As the decade-long creative director for Gucci, Tom Ford helped turn around an ailing brand and earned international acclaim. Now, Ford has turned his attention to Tinseltown by directing his first movie, A Single Man, based on the 1964 novel by Christopher Isherwood. Set in 1962, it depicts one day in the life of George Falconer (Colin Firth), a 50ish, gay English college professor living in a Los Angeles glass-and-timber home, eight months after the sudden death of his longtime partner, Jim (Matthew Goode). George not only lives a closeted life but is unable to openly unburden himself of the pain caused by the death of his beloved. Finding no meaning in a life of emotional solitude, George prepares to commit suicide.
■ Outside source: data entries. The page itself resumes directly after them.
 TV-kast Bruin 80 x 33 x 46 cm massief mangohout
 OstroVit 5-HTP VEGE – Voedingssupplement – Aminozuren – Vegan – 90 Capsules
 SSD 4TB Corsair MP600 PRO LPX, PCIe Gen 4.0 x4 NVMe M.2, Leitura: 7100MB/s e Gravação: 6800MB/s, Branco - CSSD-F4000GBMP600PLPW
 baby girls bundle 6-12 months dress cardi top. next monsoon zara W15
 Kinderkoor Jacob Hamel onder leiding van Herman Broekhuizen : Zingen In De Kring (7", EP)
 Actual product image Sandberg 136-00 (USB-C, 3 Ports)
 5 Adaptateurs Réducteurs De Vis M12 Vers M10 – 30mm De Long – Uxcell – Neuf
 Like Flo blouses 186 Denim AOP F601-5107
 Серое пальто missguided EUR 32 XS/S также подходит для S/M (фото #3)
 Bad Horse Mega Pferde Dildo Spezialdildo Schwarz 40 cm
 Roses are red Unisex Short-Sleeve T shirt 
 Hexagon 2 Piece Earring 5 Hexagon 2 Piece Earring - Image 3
A Single Man benefits from maintaining a narrow focus on its troubled protagonist and expressing broader social commentary only by extension, although the lone notable exception is when George lectures his class on the persecution of minorities by way of manipulating society’s fear.


Ford’s background figures highly in his directing, as Single Man contains moments of filmmaking at its most exquisite. The camerawork, costumes, set designs, and brooding soundtrack are so sumptuous they essentially become their own characters. For a while, Ford employs his visual devices to conjure a meditative, melancholy portrait of an otherwise successful man weary of bearing the yoke of private torment and public repression.


At the same time, there is no moment of George’s everyday too mundane to merit its own slow-motion montage, or too inconsequential to warrant a plaintive string accompaniment. Some of the visual imagery quickly grows pretentious, including recurring underwater footage of a floating nude male body.


What rescues the film are its two headline performances. Foremost is Firth, who effectively underplays to convey George’s crippling inner anguish. Take, as one of many fine examples, when George learns of Jim’s death by telephone and informed he is not welcome at the “family-only” funeral. With camera in close-up, the range of emotions Firth conjures while barely cracking his visage is an acting masterclass.


The other is Julianne Moore’s brief but blazing turn as George’s longtime, gin-fueled gal pal, Charley, in many ways the film’s most complex character. George and Charley share both a deep friendship and fleeting past sexual relationship. But, while they rely on each other for moral and emotional support, each is a fractured soul. Charley remains torn between sympathy for George and her resentment that the one man she ever truly loved could not reciprocate, instead turning into a “fucking poof.”


Firth and Moore breathe life into Ford’s glossy canvas, elevating A Single Man from a superficial photo spread into a work of poignant elegance.